======== DATA TO PROCESS

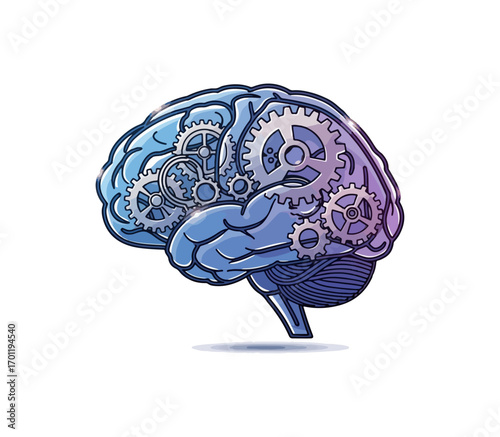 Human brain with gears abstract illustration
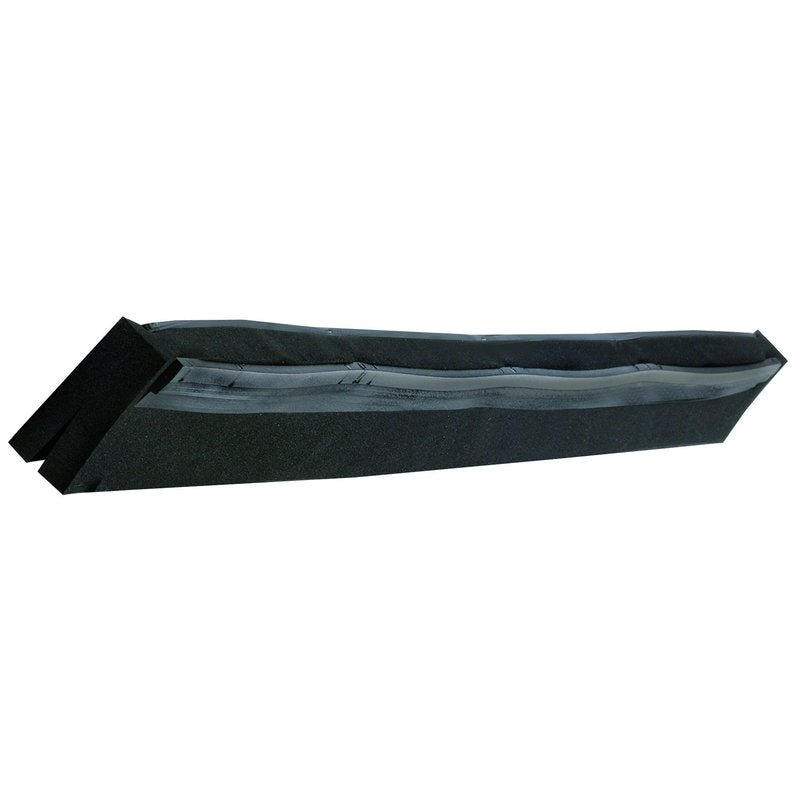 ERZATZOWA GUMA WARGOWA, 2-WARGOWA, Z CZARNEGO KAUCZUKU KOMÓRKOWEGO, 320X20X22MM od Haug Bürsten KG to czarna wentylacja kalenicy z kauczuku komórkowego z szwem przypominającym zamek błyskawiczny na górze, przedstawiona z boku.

================
======== DATA TO PROCESS

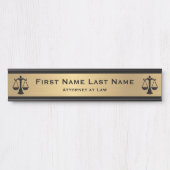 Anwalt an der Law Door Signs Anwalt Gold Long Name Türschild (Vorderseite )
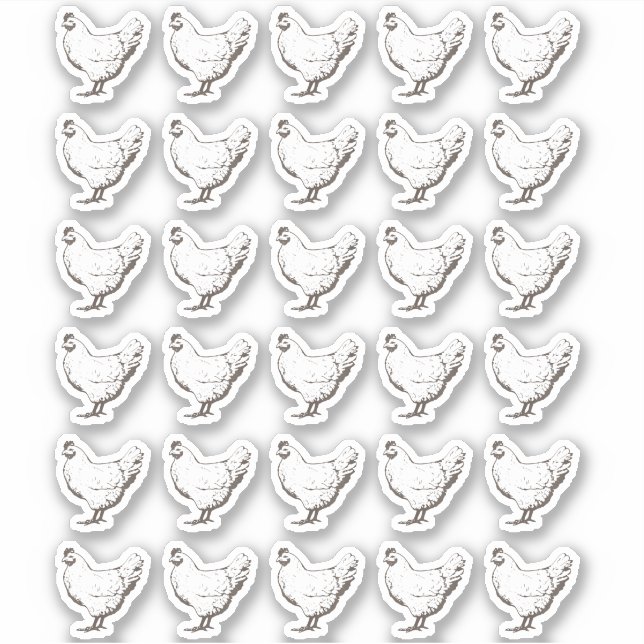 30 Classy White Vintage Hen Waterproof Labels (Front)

================

- EXERCISE DESCRIPTION: Skipping the pictures, print the lines in the listing above exactly as written, starting at the line with "Human brain with gears abstract illustration" and ending at the line with "ERZATZOWA GUMA WARGOWA, 2-WARGOWA, Z", both included.

- RESULT:
 Human brain with gears abstract illustration
 ERZATZOWA GUMA WARGOWA, 2-WARGOWA, Z CZARNEGO KAUCZUKU KOMÓRKOWEGO, 320X20X22MM od Haug Bürsten KG to czarna wentylacja kalenicy z kauczuku komórkowego z szwem przypominającym zamek błyskawiczny na górze, przedstawiona z boku.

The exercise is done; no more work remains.